Why professionals always start with keyword research

7 April 20267 min read
HR

Hannah Reed

Digital strategist with over a decade in agencies and growth roles. Background in SEO and search strategy at EssenceMediaCom (WPP) and iCrossing (Hearst).

Most businesses skip keyword research entirely.

Not because they don't care about search. They skip it because keyword research sounds like something you do once you've decided to run ads. An activity for PPC specialists. A step in an advertising workflow.

It isn't. Keyword research is market research. It's one of the first things experienced marketers do when they're trying to understand a new market, a new audience, or a product launch. Not because they're planning campaigns, but because the data answers questions that are difficult to get answers to anywhere else.

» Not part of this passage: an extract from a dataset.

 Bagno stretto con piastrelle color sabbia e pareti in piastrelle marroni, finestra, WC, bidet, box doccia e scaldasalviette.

What keyword research shows you

At its simplest, keyword research reveals what people type into Google when they're looking for something. But the value goes beyond search volume and competition scores.

It shows you demand. If hundreds of people search for a specific problem every month, that problem is real and recurring. If nobody searches for it, the problem might still exist, but the language doesn't match how people think about it.

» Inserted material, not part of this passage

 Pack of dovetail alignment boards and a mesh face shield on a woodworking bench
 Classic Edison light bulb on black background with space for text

It shows you intent. Someone searching "how to manage Google Ads without an agency" is in a different place from someone searching "best PPC agency London." Same broad topic, very different needs.

It shows you competition. High competition on a keyword means established businesses are already spending to be visible there. Low competition with meaningful volume often signals a gap worth exploring.

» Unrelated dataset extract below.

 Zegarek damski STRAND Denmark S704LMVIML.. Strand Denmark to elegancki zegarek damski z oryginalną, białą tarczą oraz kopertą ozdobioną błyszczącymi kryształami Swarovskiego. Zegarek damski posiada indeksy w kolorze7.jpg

And it shows you language. The exact words people use when they're looking for something like what you offer. That language is often different from how businesses describe themselves internally. It's one of the most useful inputs for website copy, landing pages, and product messaging.

We've written about this before: the gap between how companies describe their products and how customers describe their problems is where engagement tends to stall.

Google Keyword Planner is free

This is the part that catches people off guard.

Google's Keyword Planner, the tool that Google Ads advertisers use to plan and research keywords, is available at no cost. You don't need an advertising budget. You don't need an active campaign. You just need a Google Ads account.

Setting one up takes a few minutes. During the signup flow, switch to Expert Mode and select "Create an account without a campaign." Google does require a payment method during setup, but you won't be charged unless you choose to run ads later. The official Google Ads help documentation describes this path and confirms Keyword Planner is "a free tool to discover new keywords related to your business" (Google Ads Help).

We've put together a short walkthrough covering the full setup: How to create a Google Ads account without a campaign.

Once you're in, you can enter a topic, a phrase, or even a URL and see what people are searching for, how often, how competitive those terms are, and what advertisers typically pay for clicks. It's not the only keyword research tool available, but it draws directly from Google's own search data. And the tool itself costs nothing to use.

Why experienced marketers start here

The reason professionals tend to start with keyword research isn't an obsession with keywords. It's that the data answers foundational questions quickly.

Before building a landing page: what language do potential customers use? Before planning content: what questions are people asking? Before setting a budget: how competitive is this space, and what does visibility cost?

These aren't advertising questions. They're business questions. The data happens to live inside an advertising tool.

A B2B software company might discover that their target audience doesn't search for the product category at all, but does search for the problem it solves. That changes positioning everywhere, not just in ads.

A local services business might find that a specific long-tail phrase has consistent monthly volume with almost no competition. That's a content opportunity, a landing page worth building, or simply a signal about what to say on the homepage.

An early-stage startup might learn that the terms they assumed were high-demand have almost no search volume in their market. Better to learn that before building around those assumptions.

What the data looks like in practice

Keyword Planner returns a few key data points for each term:

Average monthly searches. How many times people search for this term, averaged over the past 12 months. Google's own documentation notes these are "approximate" figures (Google Ads Help). In practice, accounts without active ad spend see broad ranges (e.g., 100-1K), while accounts with spend see narrower figures. Neither is precise. The numbers are directionally useful for comparing terms and spotting patterns, not for forecasting exact traffic.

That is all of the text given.